アセンブリ リンカーを使用してマルチファイル アセンブリを作成するには、次のようにします。
コマンド プロンプトに次のコマンドを入力します。
al <module name> <module name> … /main:<method name> /out:<file name> /target:<assembly file type>
このコマンドで、module name 引数はアセンブリに含める各モジュールの名前を指定します。 /main: オプションは、アセンブリのエントリ ポイントであるメソッド名を指定します。 /out: オプションは、アセンブリ メタデータを格納する出力ファイルの名前を指定します。 /target: オプションは、アセンブリがコンソール アプリケーション実行可能ファイル (.exe)、Windows 実行可能ファイル (.win)、またはライブラリ ファイル (.lib) であることを指定します。

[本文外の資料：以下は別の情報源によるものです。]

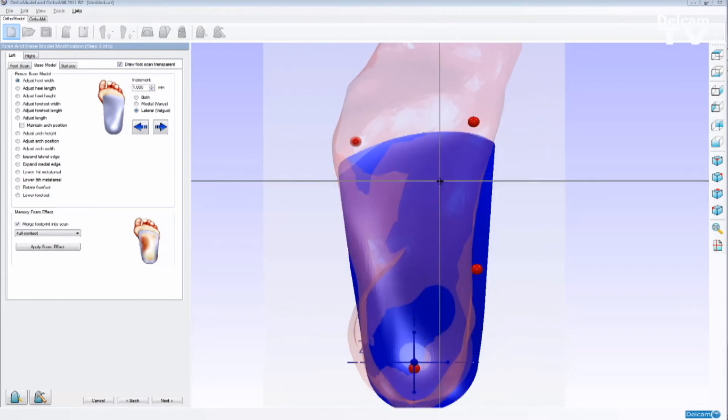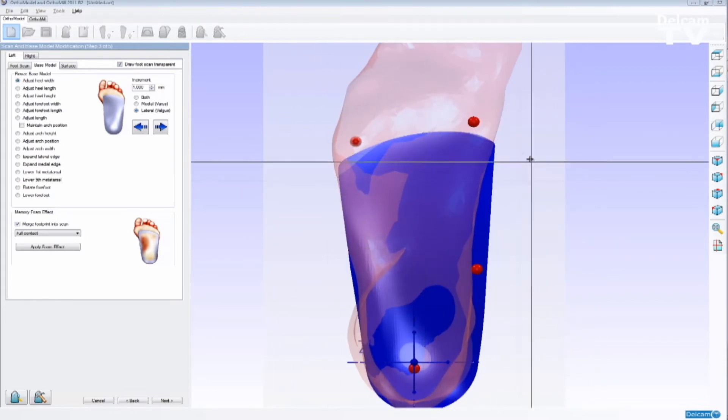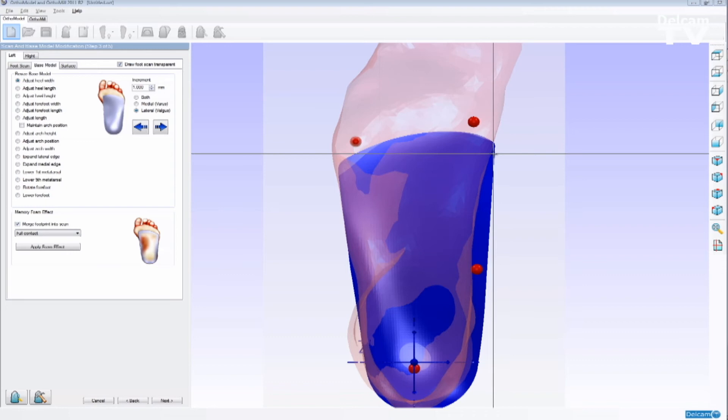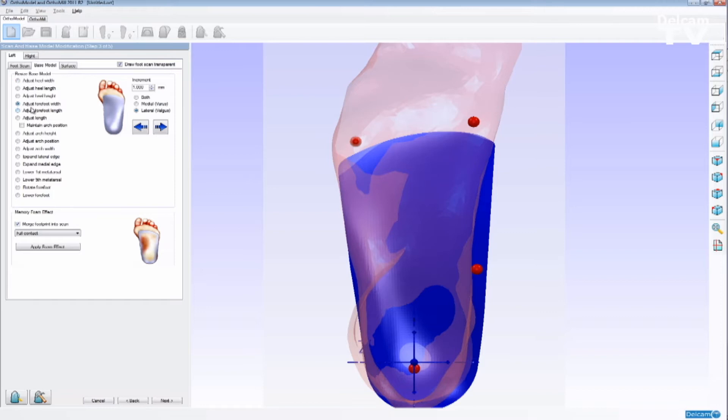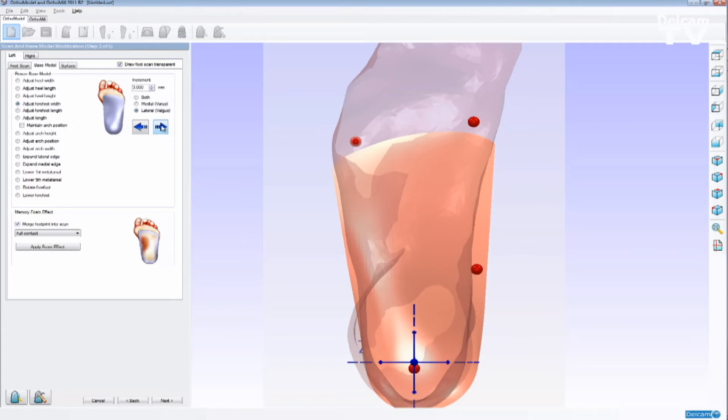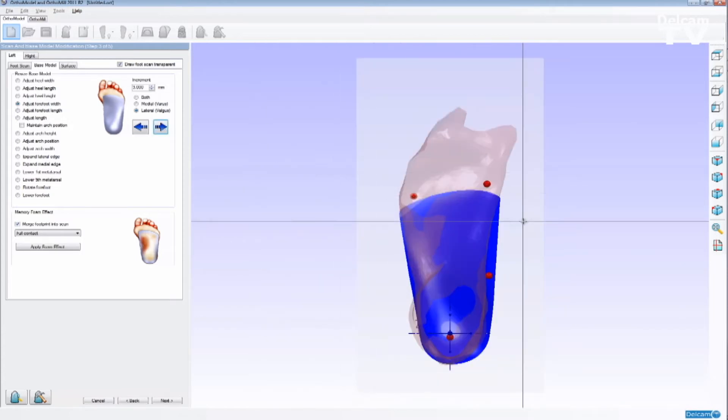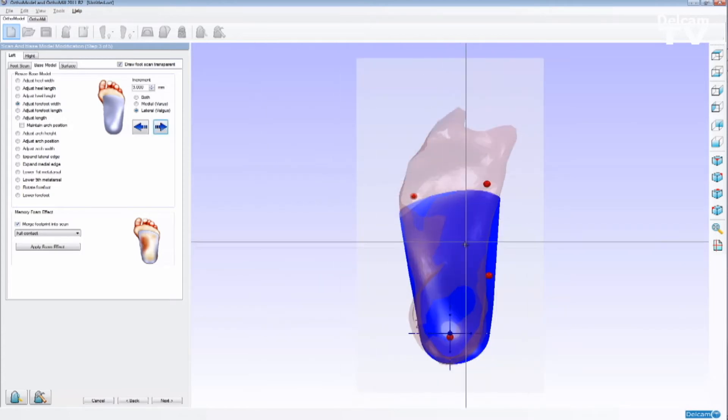For example, if I would like to make the forefoot width a little wider, I can select adjust forefoot width and I can add increments of, let's say, two millimeters, and click, and I can change the lateral edge, or the medial edge, or both of them.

Al.exe を使用して、コンソール アプリケーションを実行する myAssembly.exe という名前のアセンブリを作成する例を次に示します。 このアプリケーションは、Client.netmodule と Stringer.netmodule の 2 つのモジュール、およびアセンブリ メタデータだけを格納する実行可能ファイル myAssembly.exe で構成されます。 アセンブリのエントリ ポイントは MainClientApp クラスの Main メソッドで、Client.dll 内に配置されています。
al Client.netmodule Stringer.netmodule /main:MainClientApp.Main /out:myAssembly.exe /target:exe
MSIL 逆アセンブラー (Ildasm.exe) を使用すると、アセンブリの内容を調査したり、ファイルがアセンブリであるかモジュールであるかを判断したりできます。